Those who argue against investment in preferred stocks
In many cases there is written into the articles of incorporation a regulation which obliges the purchase and retirement of a certain number of
preferred shares annually. This is known as a “sinking fund” provision. The corporation sets aside from its earnings each year a certain amount, say $50,000, and it is required to redeem preferred shares in that amount by exercising the right of call at a specified price. As a rule, the selection of such shares is made by lot. To the investor who may be anxious to preserve his investment in its entirety, this calling of shares for redemption may be annoying; but there is some compensation in the fact that the retirement of some shares reduces the number of shares outstanding and therefore tends to increase the assets behind those which remain; in addition, there will be some tendency to stabilize the price of those remaining, because the shares which are called for redemption are permanently removed from the market.
Investment in preferred stocks may have a number of merits. Chief among them is a reasonable regularity of income coupled with a reasonable safety of principal, since the preferred stockholder is assured of certain rights with respect to the latter. The rate of return on preferred stocks is often slightly higher than that which may be obtained on good-quality bonds. In addition, the high-grade preferred have always shown considerable resistance to market fluctuations. It is to be noted that the better quality preferred stocks are now eagerly sought by insurance companies, trustees, endowment funds, and the like.

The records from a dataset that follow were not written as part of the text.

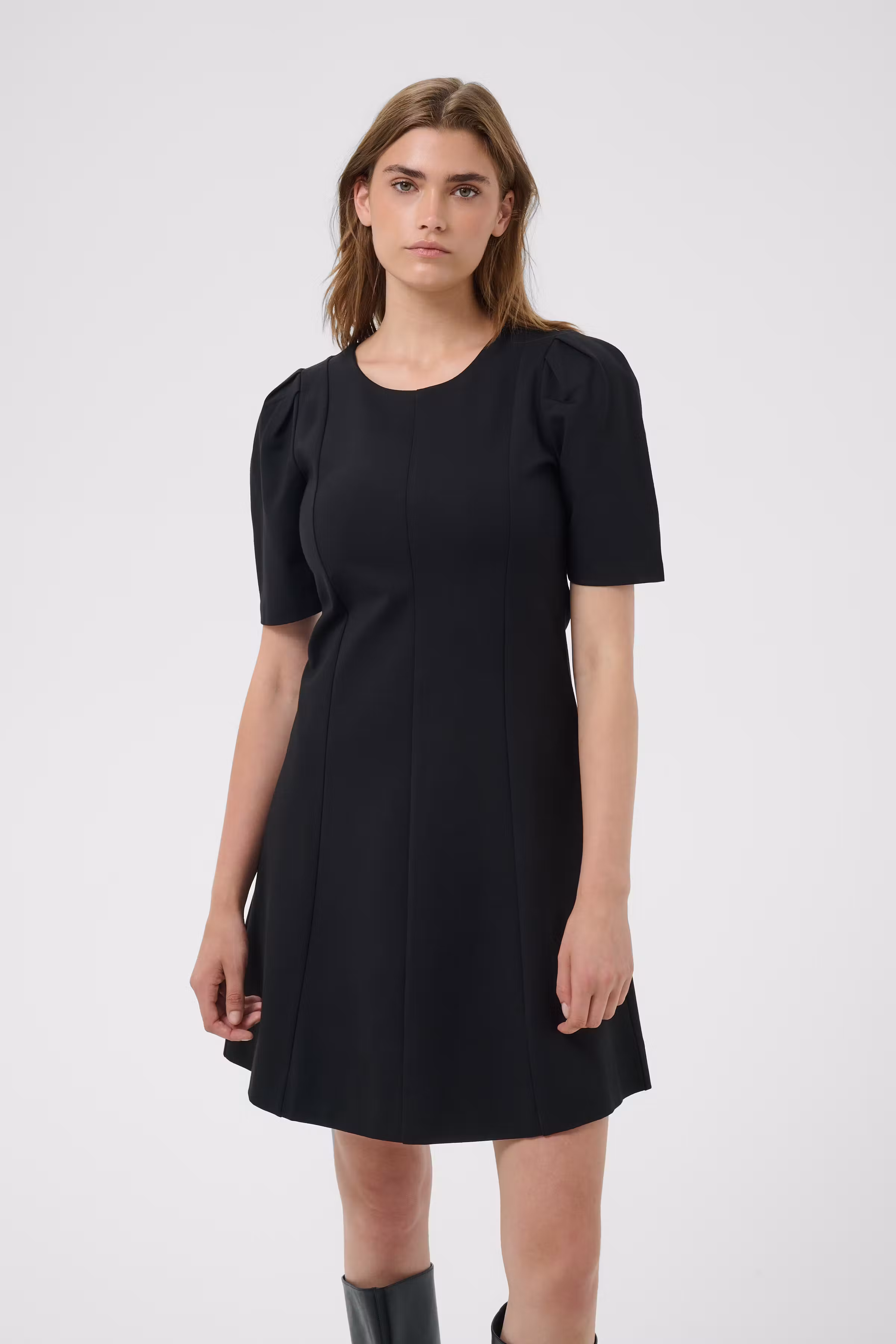 CathePW Kjole LOOKBOOK FRONT 30311159-194008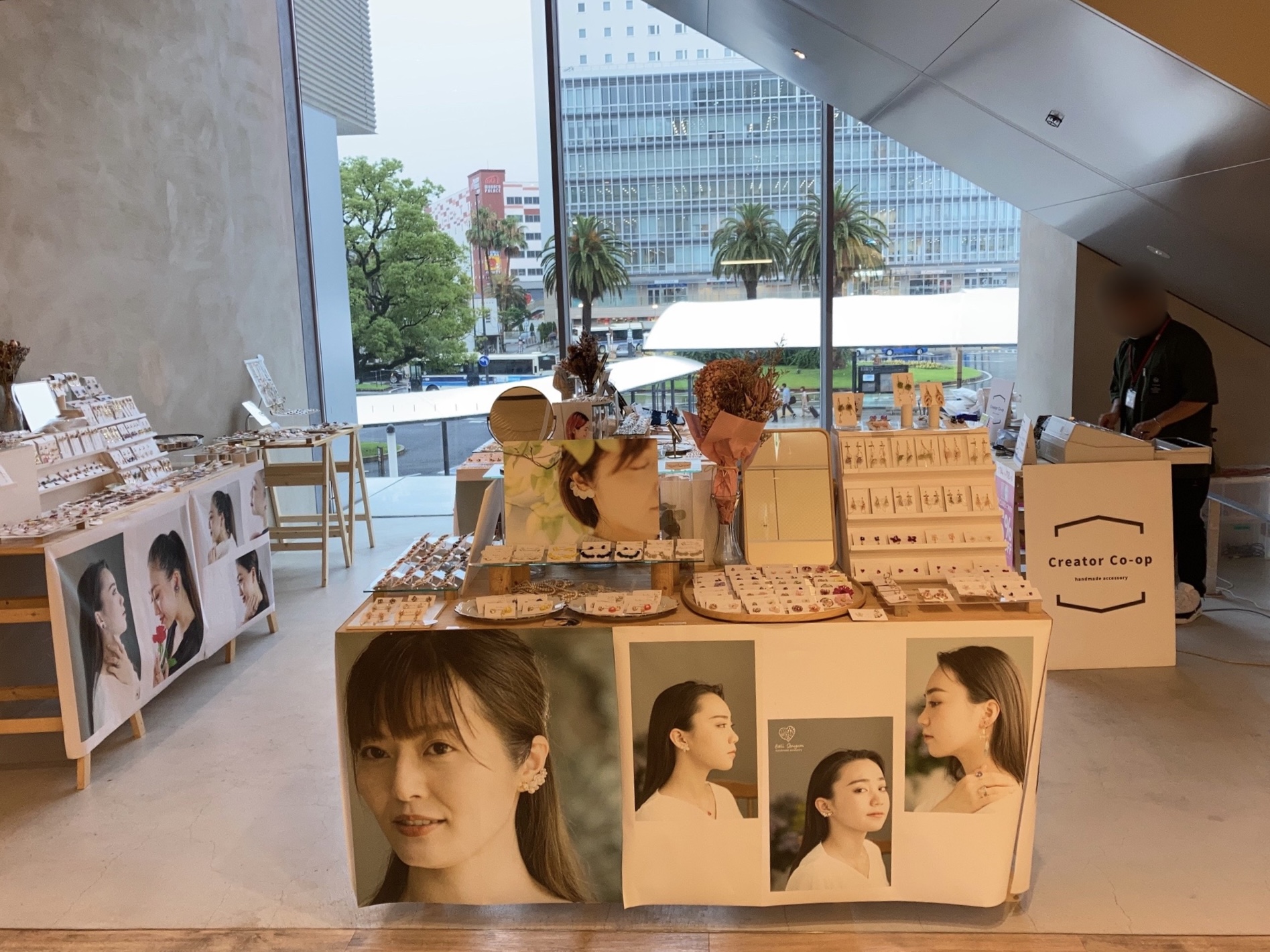 【アミュプラザみやざき】うみ館 ゆったりとした雰囲気で雑貨、サービスのポップアップやプロモーションに最適な3Fエスカレーター下のスペース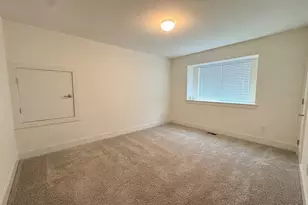 545 Elm Green St, Hutto, TX 78634 - Photo 10
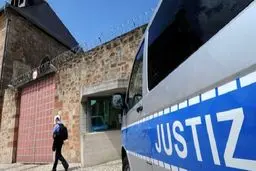 پلیس آلمان حمله تروریستی به ۱۰ مسجد را خنثی کرد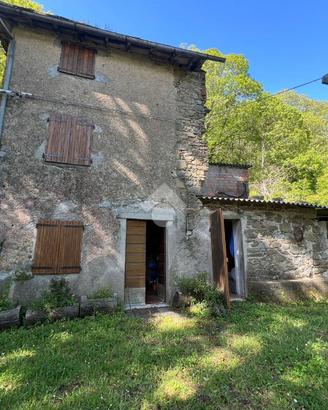 CASA SEMINDIPENDENTE A PESCAGLIA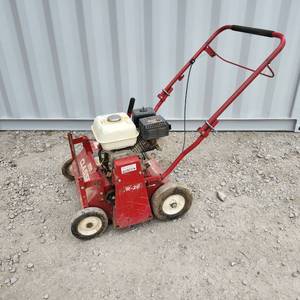 lot 600 image: Classen TS20 Turf Seeder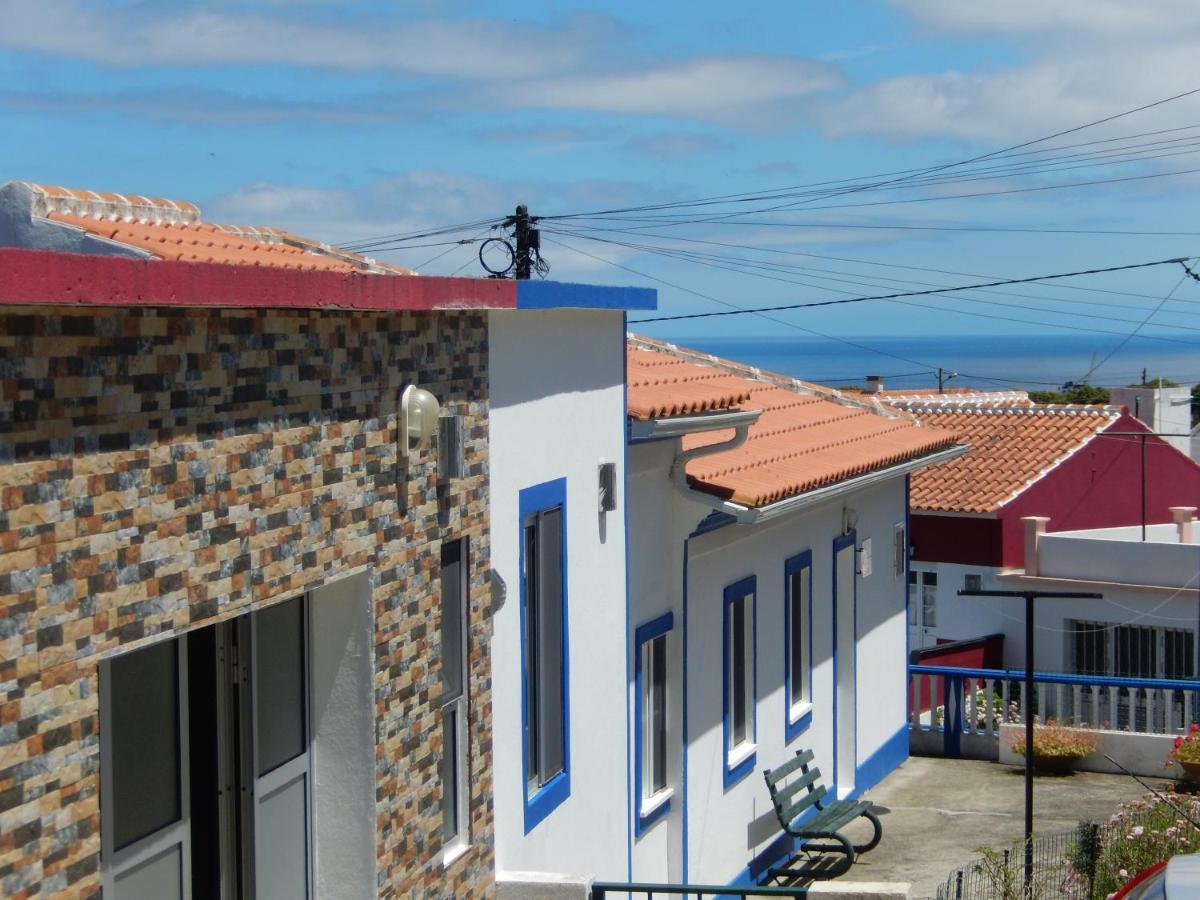 Cantinho Das Beiras - Aroom4U Praia da Vitoria Bagian luar foto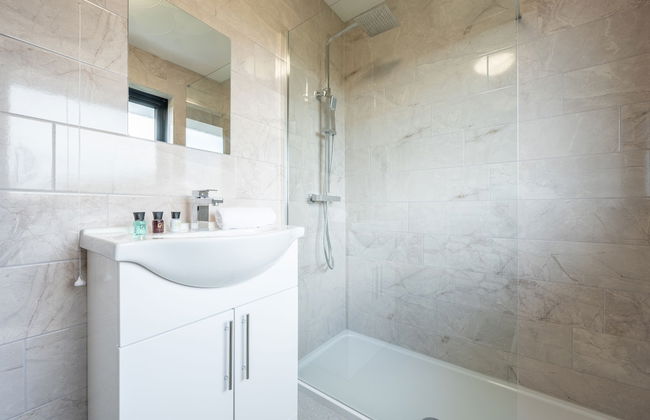 Trinity View by Tŷ SA - in Newport - Photo 24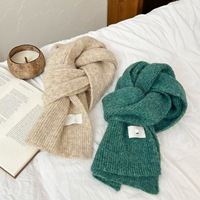 Écharpe longue en polyester tricoté pour l'hiver, douce, duveteuse, de haute qualité, brossée, couleur unie mélangée, pour femme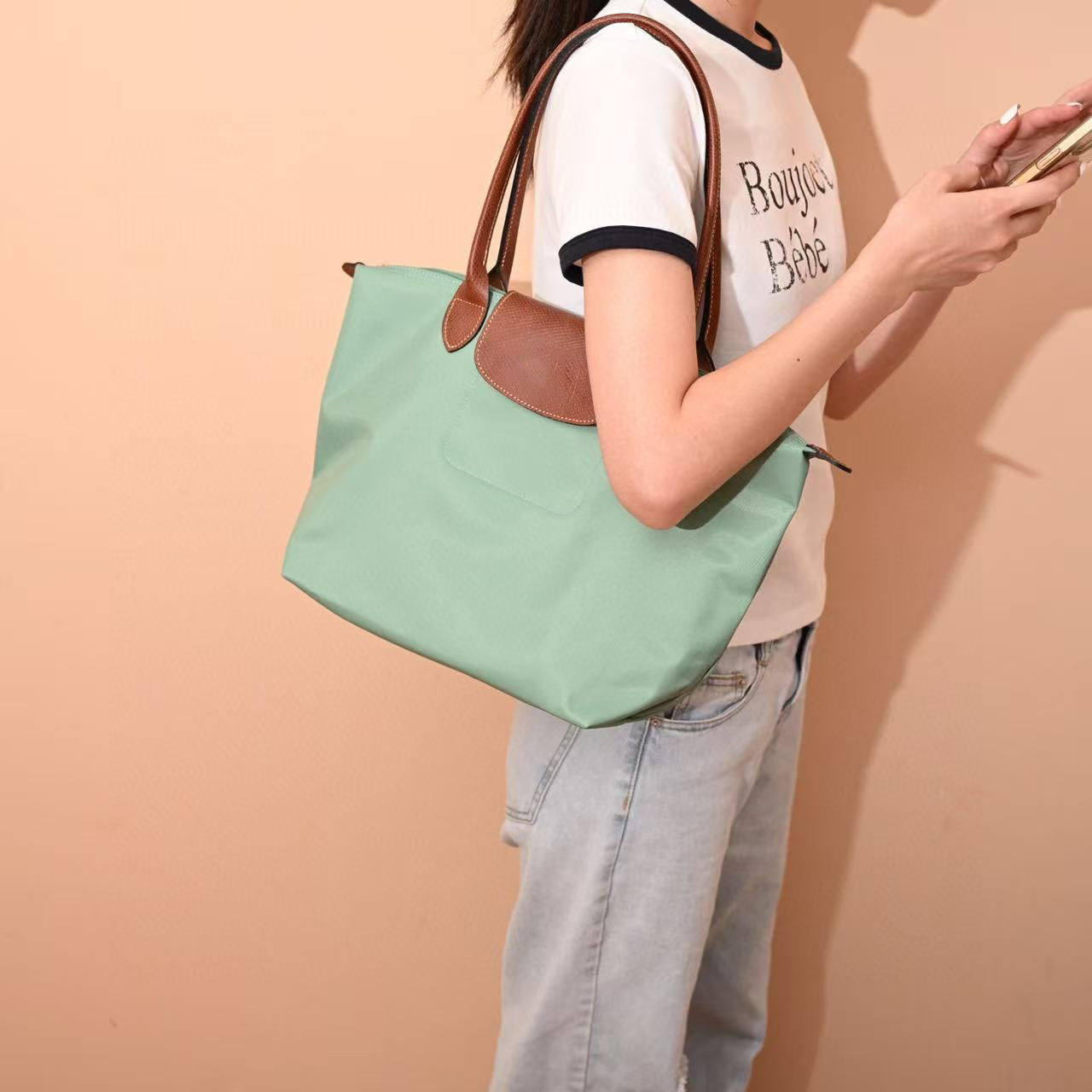 LcB01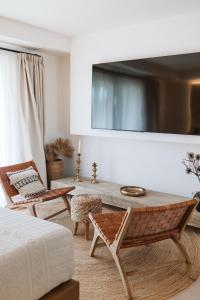 een woonkamer met een tafel en een bank bij Ultima in Tías +25 foto's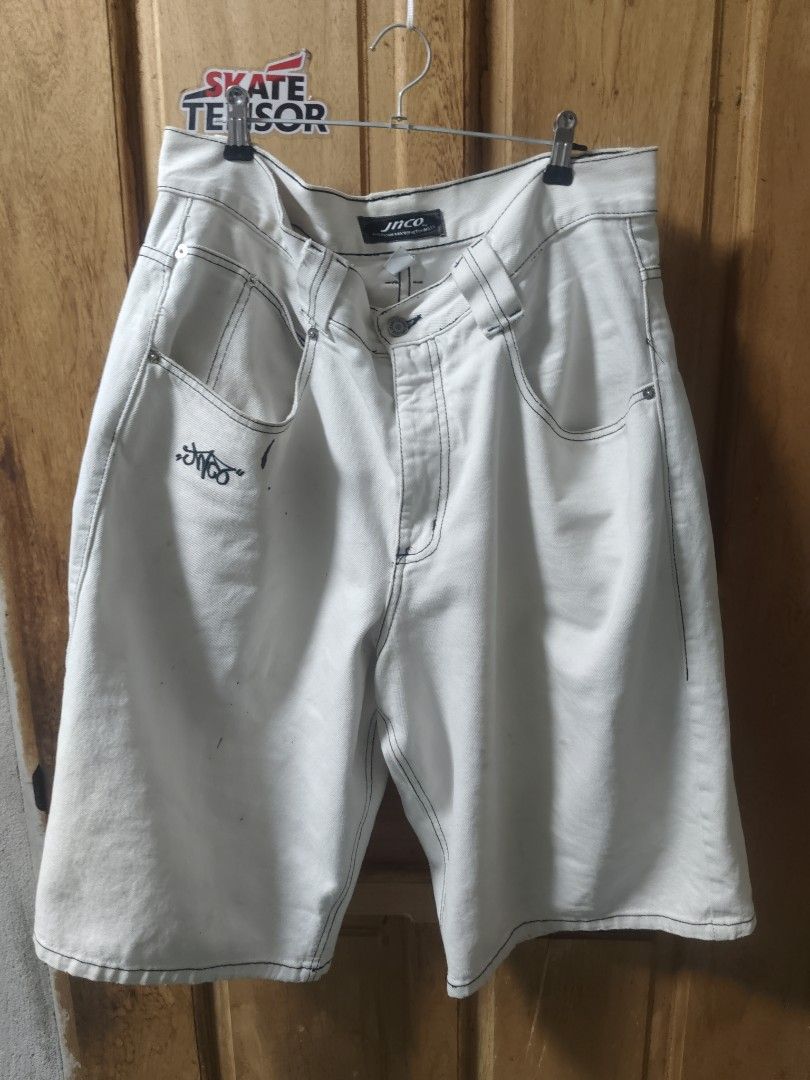 Jnco Short Size 36 (Category: Shorts) located in Tuguegarao City. Submitted by xiraaaaa (Listing ID 1469720005, Image 1). Description: 36 25 13.5 issue paint stain and need wash.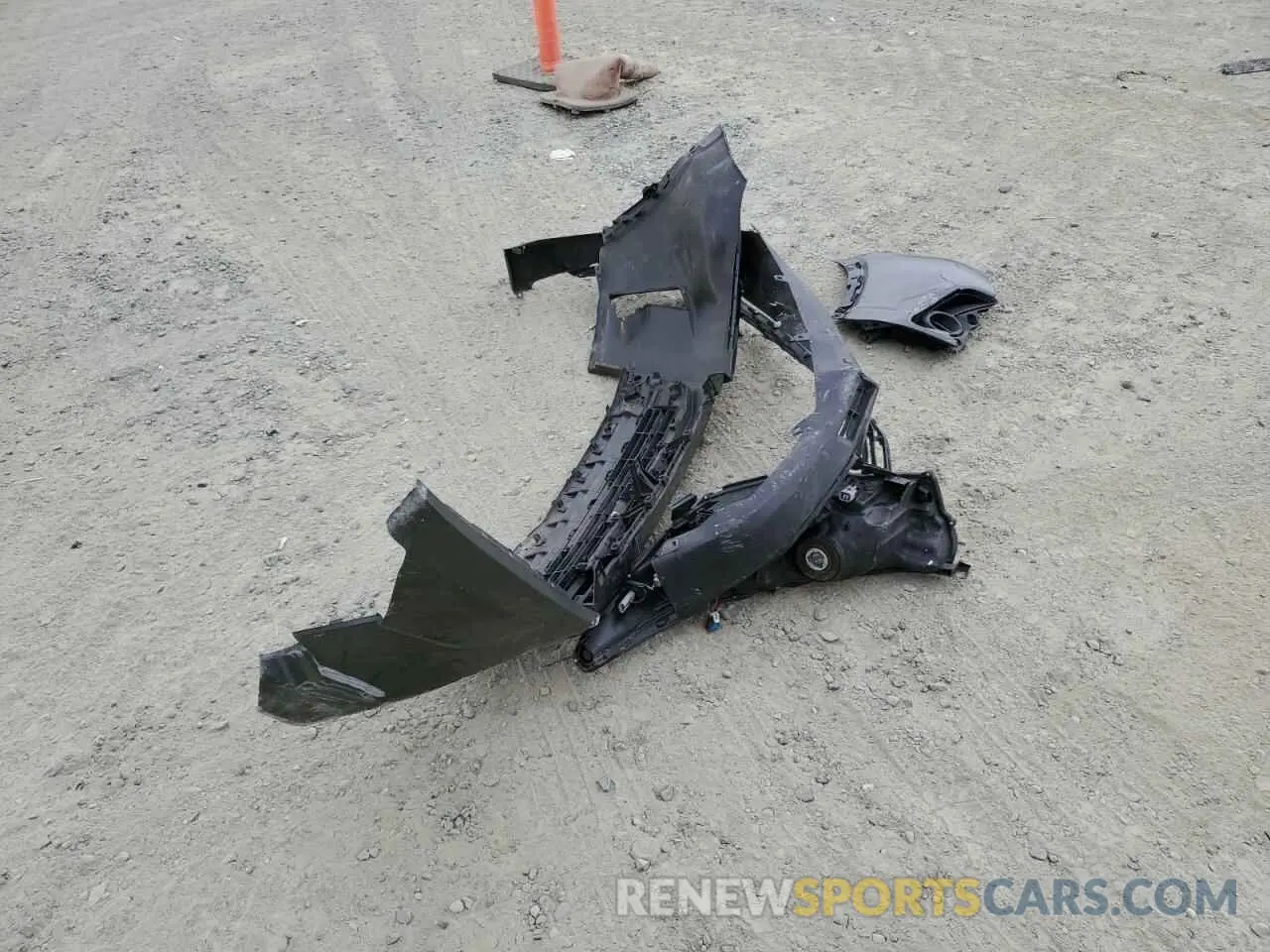 13 Photograph of a damaged car 5TDZZRFH7KS320351 TOYOTA HIGHLANDER 2019
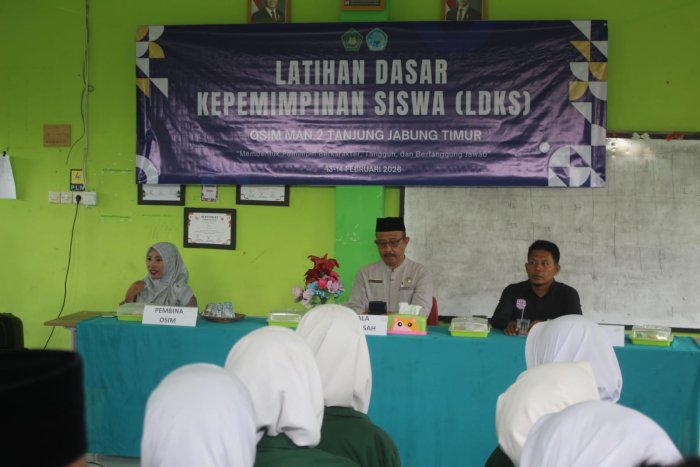 Bekali Pengurus OSIM Baru, Kepala Madrasah Tekankan Pentingnya Problem Solving hingga Tertib Administrasi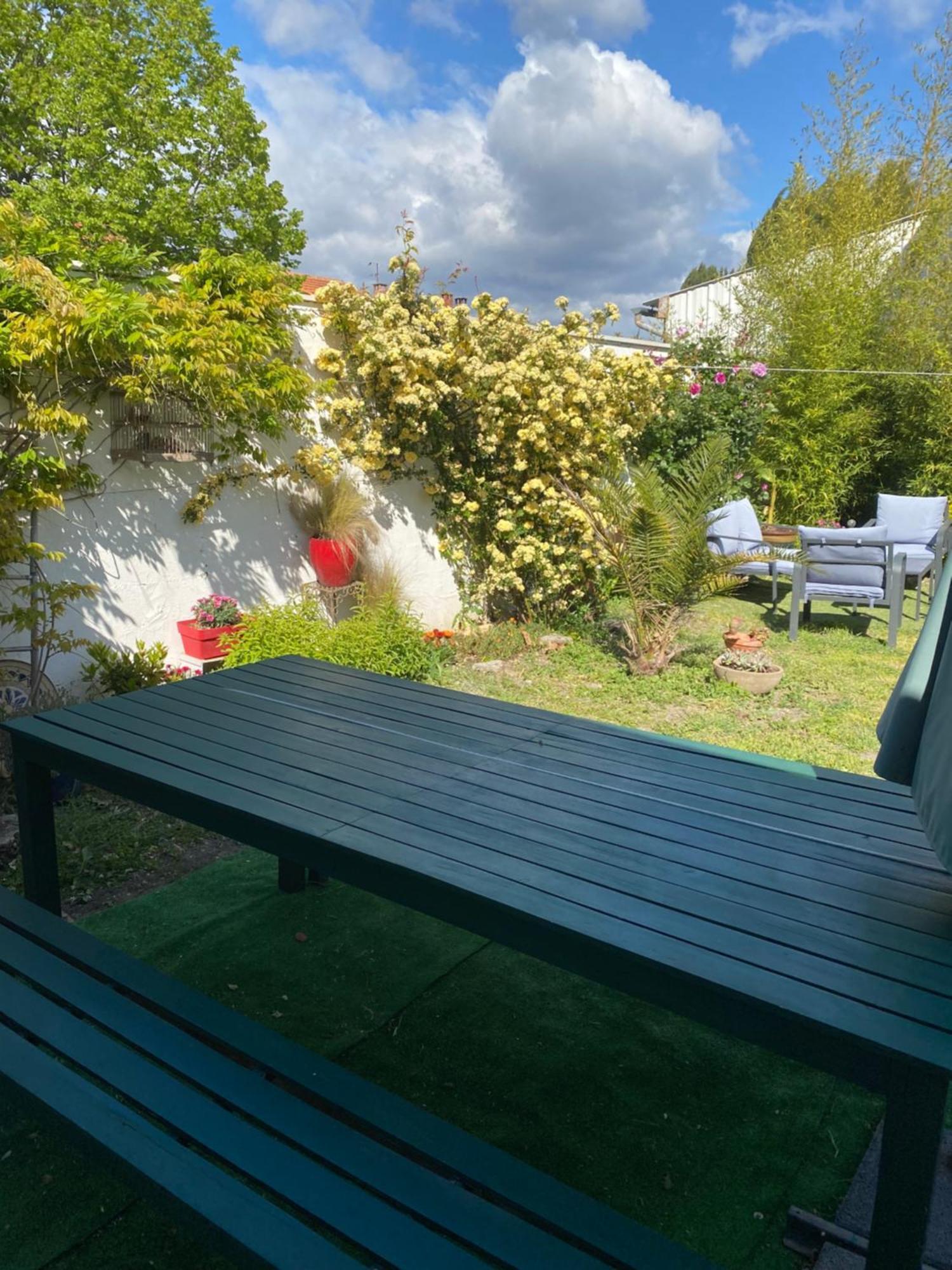 Cote Court Panzió L'Isle-sur-la-Sorgue Kültér fotó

We hasten to add, however, that all preferred stocks are not alike in quality, so that careful investigation should be made and investment confined only to upper-grade issues.
Those who argue against investment in preferred stocks point out the following features: (a) there is limited return although considerable risks of ownership are borne; (b) there is no enforceable right to dividends, since these must be declared by the board of directors and they may pass one or more dividends at their discretion; (c) the owner of a preferred stock is in a position midway between that of a bondholder (creditor) and that of a common stockholder (partner), so that his stock is “neither fish nor
fowl” and his position may eventually prove to be an uncomfortable one.